=== PROMPT ===
Taking the data below, please print only the lines from the line holding "Sheraton Suites Calgary Eau Claire" to the line holding "Elegance in every", inclusive, with pictures omitted.

=== DATASET CONTENT ===
-------------------------
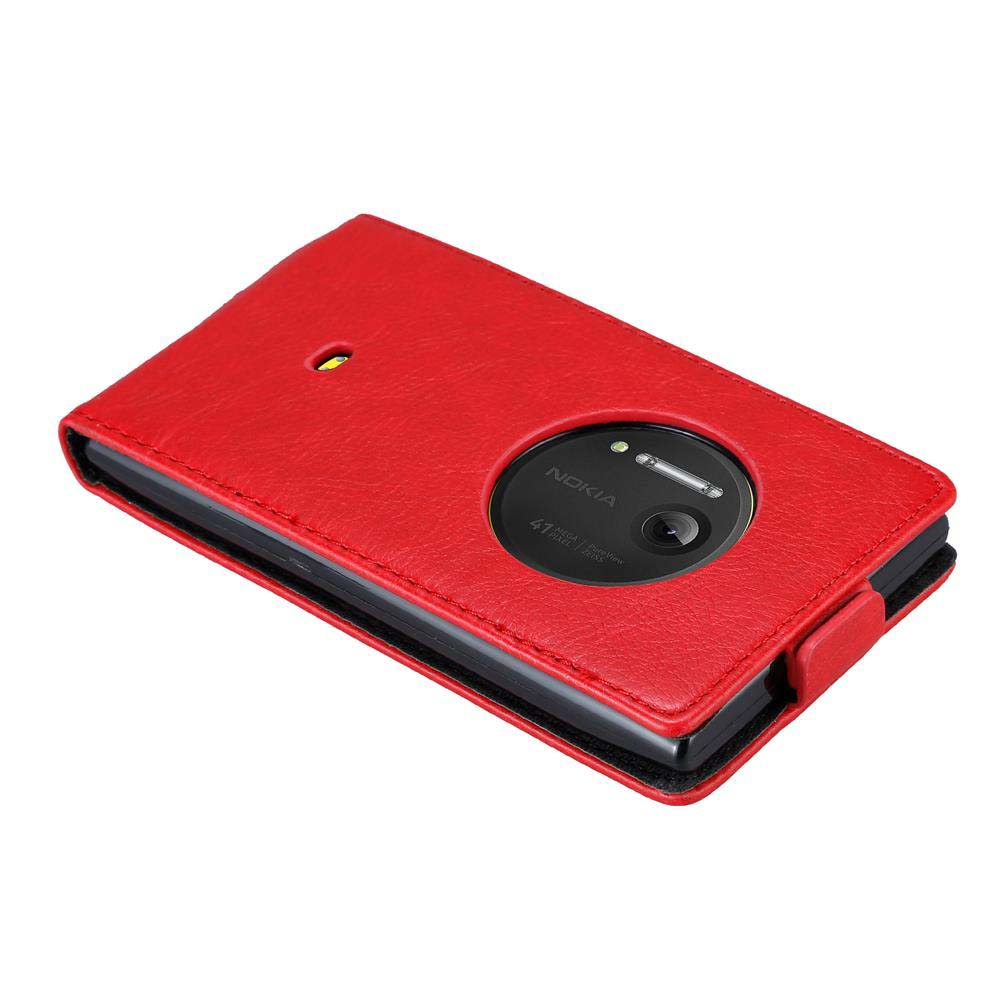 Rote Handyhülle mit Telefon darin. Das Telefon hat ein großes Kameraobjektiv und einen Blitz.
-------------------------
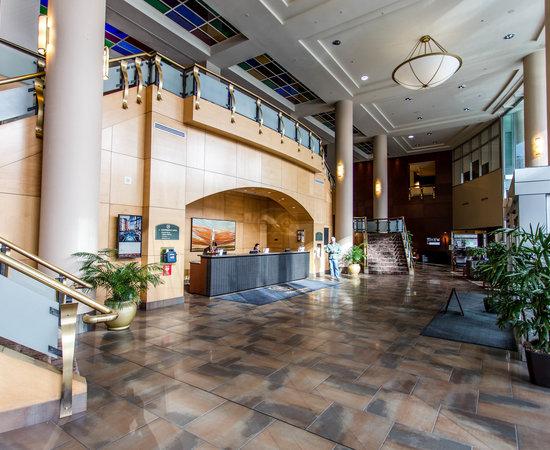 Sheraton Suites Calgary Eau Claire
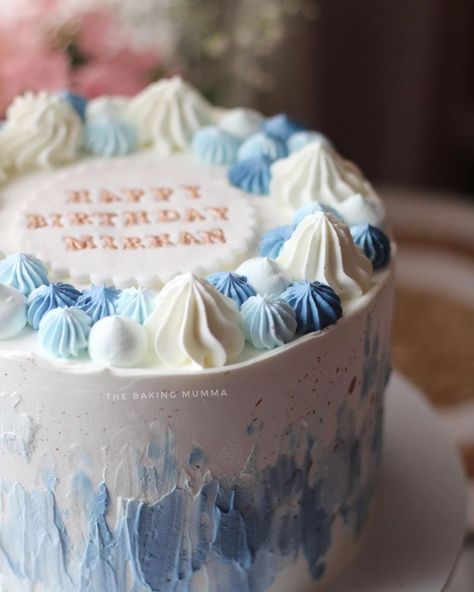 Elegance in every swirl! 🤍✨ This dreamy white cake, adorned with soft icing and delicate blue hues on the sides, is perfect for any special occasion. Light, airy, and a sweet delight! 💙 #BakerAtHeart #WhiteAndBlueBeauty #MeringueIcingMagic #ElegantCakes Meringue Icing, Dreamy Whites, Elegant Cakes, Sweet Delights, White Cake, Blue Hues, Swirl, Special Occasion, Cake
-------------------------
=== FINAL ANSWER ===
 Sheraton Suites Calgary Eau Claire
 Elegance in every swirl! 🤍✨ This dreamy white cake, adorned with soft icing and delicate blue hues on the sides, is perfect for any special occasion. Light, airy, and a sweet delight! 💙 #BakerAtHeart #WhiteAndBlueBeauty #MeringueIcingMagic #ElegantCakes Meringue Icing, Dreamy Whites, Elegant Cakes, Sweet Delights, White Cake, Blue Hues, Swirl, Special Occasion, Cake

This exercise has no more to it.